Finalement, les études publiées à ce jour qui comportent désormais un nombre important de patientes et un recul maintenant bien au-delà de 5 ans ne montrent pas d’impact négatif sur la survie ni d’augmentation significative du taux de récidive locale après abstention chirurgicale axillaire en cas de GS micrométastatique. Même si la méthodologie de l’ACOSOG Z0011 ayant conduit à modifier les pratiques de nombreuses équipes à travers le monde est discutable, il n’en reste pas moins vrai que le niveau de preuve scientifique actuel est bien supérieur à celui dont nous disposions en 2005 lorsque les recommandations françaises avaient validé le GS en routine comme option à la place du CA.
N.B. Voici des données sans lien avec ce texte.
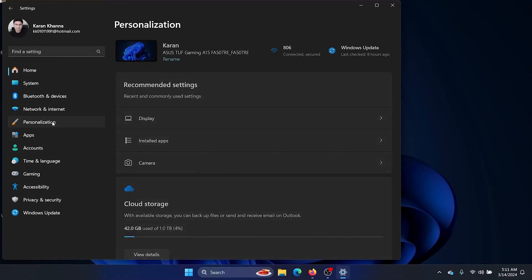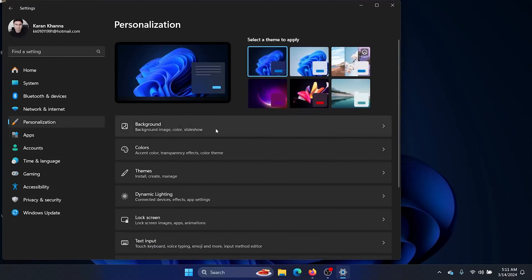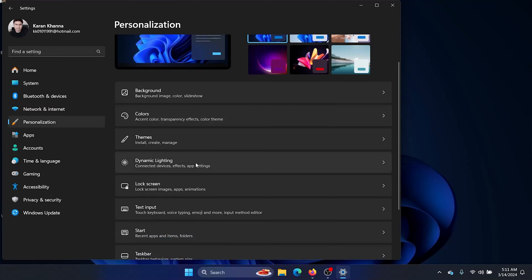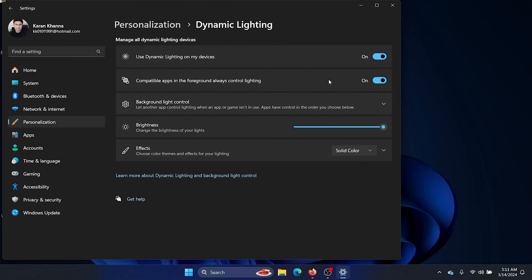Go to the Personalization tab on the list on the left-hand side. In the right pane, you'll find the option for Dynamic Lighting. The switch is usually on by default, however you have more options available.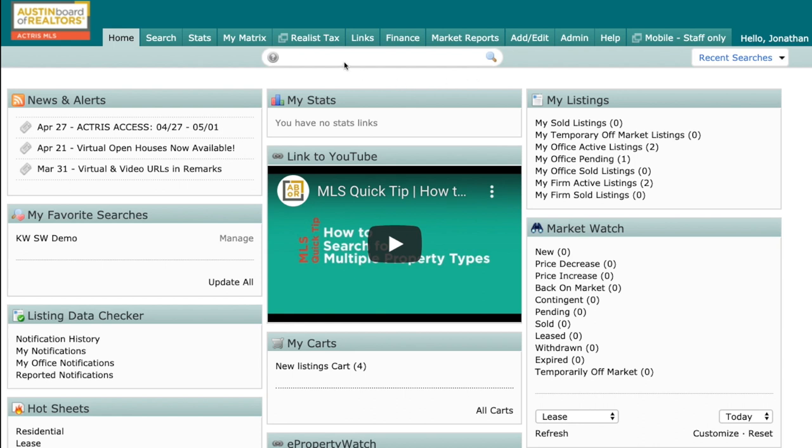So if you log into your dashboard, you'll notice this wonderful Google-type search bar right here at the top of your dashboard. This is meant for you to be able to directly get to information that you need to get to quickly.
Cependant, même si la désescalade chirurgicale de l’aisselle est irréversible, il convient de rester prudent sur les conséquences inconnues d’une désescalade thérapeutique générale dans la prise en charge du cancer du sein.

 

Références

  1. Evolution de l’incidence et de la mortalité par cancer en France entre 1980 et 2012. InVS. http://www.invs.sante.fr/Espace-presse/Communiques-de-presse/2013/Evolu….
  2. Giuliano AE, Kirgan DM, Guenther JM, Morton D. Lymphatic mapping and sentinel lymphadenectomy for breast cancer. Ann Surg 1994;220:391-8.
  3. Verbelen H, Gebruers N, Eeckhout FM, Verlinden K, Tjalma W. Shoulder and arm morbidity in sentinel node-negative breast cancer patients: a systematic review. Breast CancerRes Treat 2014.
  4. Krag DN, Anderson SJ, Julian TB et al. Sentinel-lymph-node resection compared with conventional axillary-lymph-node dissection in clinically node-negative patients with breast cancer: overall survival findings from the NSABP B-32 randomized phase 3 trial. Lancet Oncol 2010;11: 927–33.
  5. Barranger E, Classe JM, Clough KB, Giard S, Houvenaeghel G, Nos C. Veille bibliographique et recommandation. Chirurgie du sein et axillaire. RPC Nice-Saint-Paul de Vence 2011. Oncologie 2011;13:727-54.
  6. Giuliano A, Hunt K, Ballman K et al. Axillary Dissection vs No Axillary Dissection in Women With Invasive Breast Cancer and Sentinel Node Metastasis: A Randomized Clinical Trial. JAMA 2011;305:569-75.
  7. Galimberti V, Cole BF, Zurrida S et al. International Breast Cancer Study Group Trial 23-01 investigators. Axillary dissection versus no axillary dissection in patients with sentinel-node micrometastases (IBCSG 23-01): a phase 3 randomised controlled trial.Lancet Oncol 2013;14:297-305.
  8. Goldhirsch A, Ingle JN, Gelber RD, Coates AS, Thürlimann B, Senn HJ; Panel members. Thresholds for therapies: highlights of the St Gallen International Expert Consensus on the primary therapy of early breast cancer 2009. Ann Oncol2009;20:1319-29.
  9. NCCN guidelines. [http://www.nccn.org/professionals/physician_gls/f_guidelines.asp#site].
  10. Goldhirsch A, Wood WC, Coates AS, Gelber RD, Thürlimann B, Senn HJ; Panel members. Strategies for subtypes--dealing with the diversity of breast cancer: highlights of the St. Gallen International Expert Consensus on the Primary Therapy of Early Breast Cancer 2011. Ann Oncol2011;22:1736-47.
  11. LymanGH, Temin S, Edge SB, et al. Sentinel lymph node biopsy for patients with early-stage breast cancer: american society of clinical oncology clinical practice guideline update. J Clin Oncol2014;32:1365-83.